[Task material Boundary: Start]

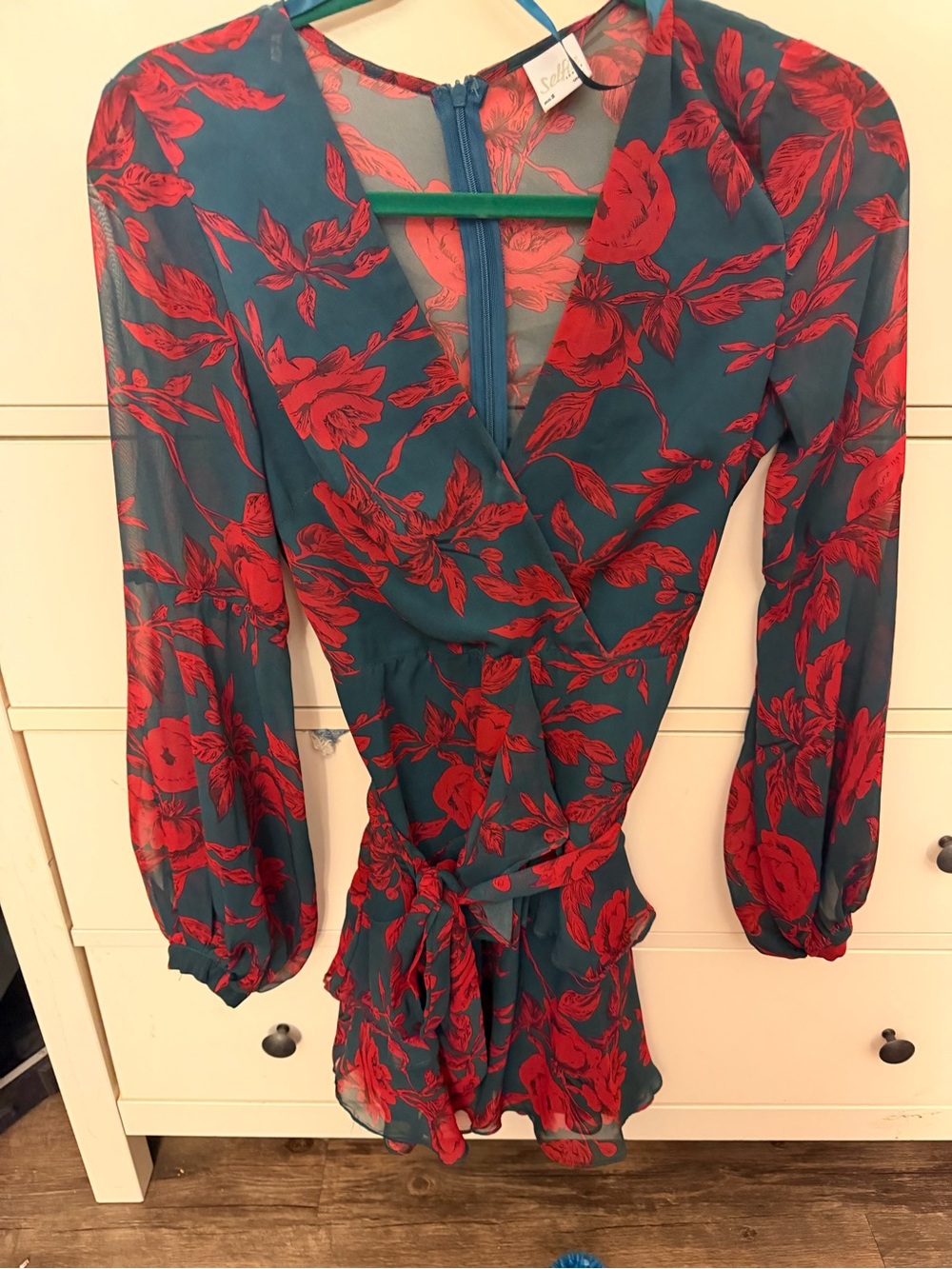 Floral Wrap Mini Dress in Red and Dark Green - Picture 5 of 5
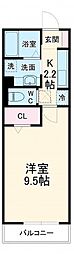 ラメール 1階1Kの間取り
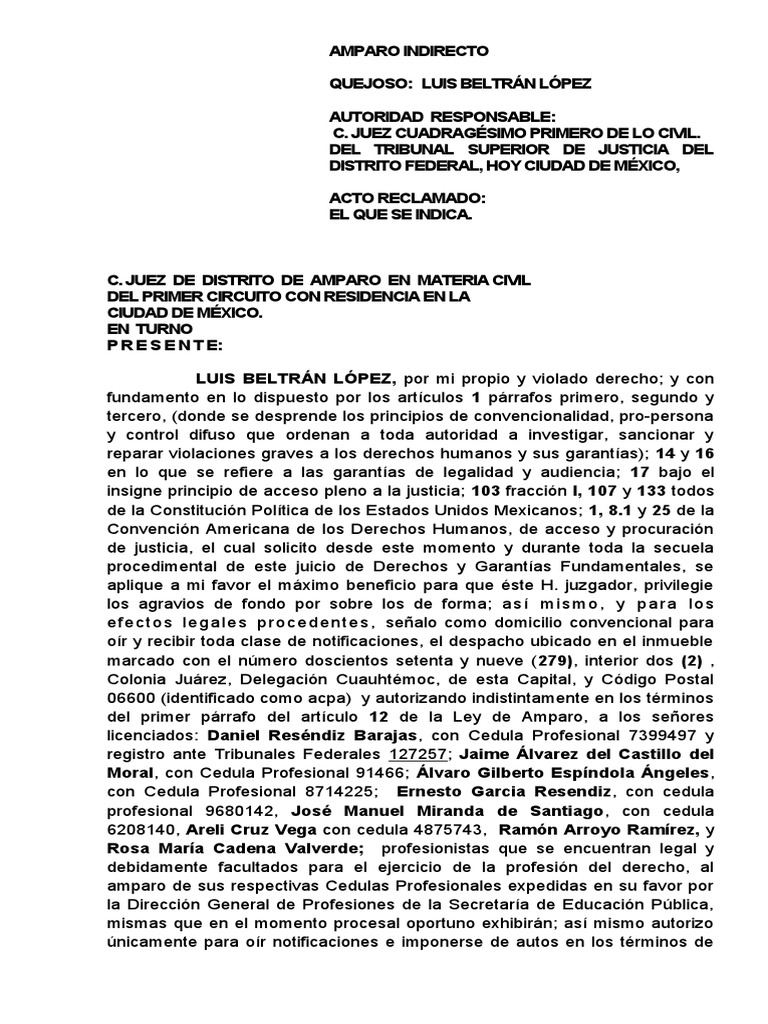 Amparo Indirecto de Luis Beltrán López | PDF | Caso de ley | Debido al ...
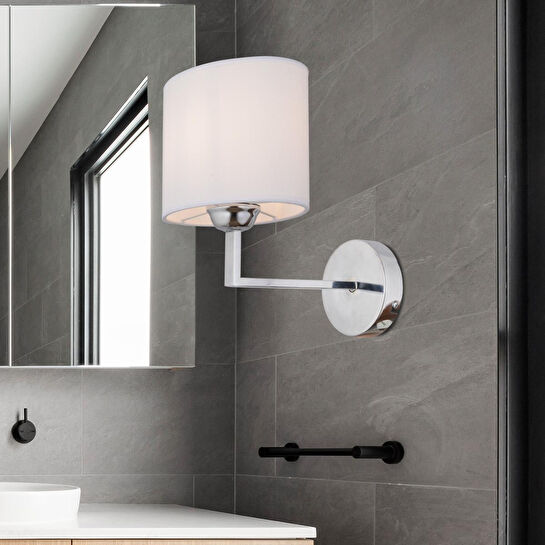 Apliqa Zadie Tekli Beyaz Şapkalı Krom Duvar Lambası Yatak Odası-yatak Başı-banyo Için Modern Aplik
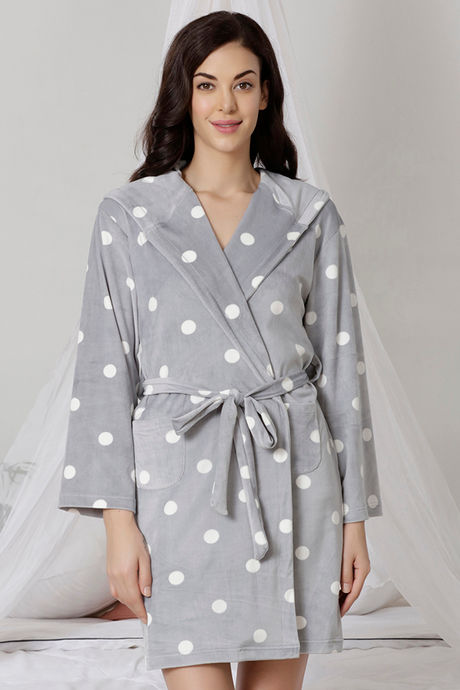 Zivame Velvety Soft Hooded Butter-Soft Poly Knit Robe - Grey N Print — image 6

[Task material Boundary: End]

Go through the entries and retype each one exactly, skipping any image.

* [Exercise solution]:
 Floral Wrap Mini Dress in Red and Dark Green - Picture 5 of 5
 ラメール 1階1Kの間取り
 Amparo Indirecto de Luis Beltrán López | PDF | Caso de ley | Debido al ...
 Apliqa Zadie Tekli Beyaz Şapkalı Krom Duvar Lambası Yatak Odası-yatak Başı-banyo Için Modern Aplik
 Zivame Velvety Soft Hooded Butter-Soft Poly Knit Robe - Grey N Print — image 6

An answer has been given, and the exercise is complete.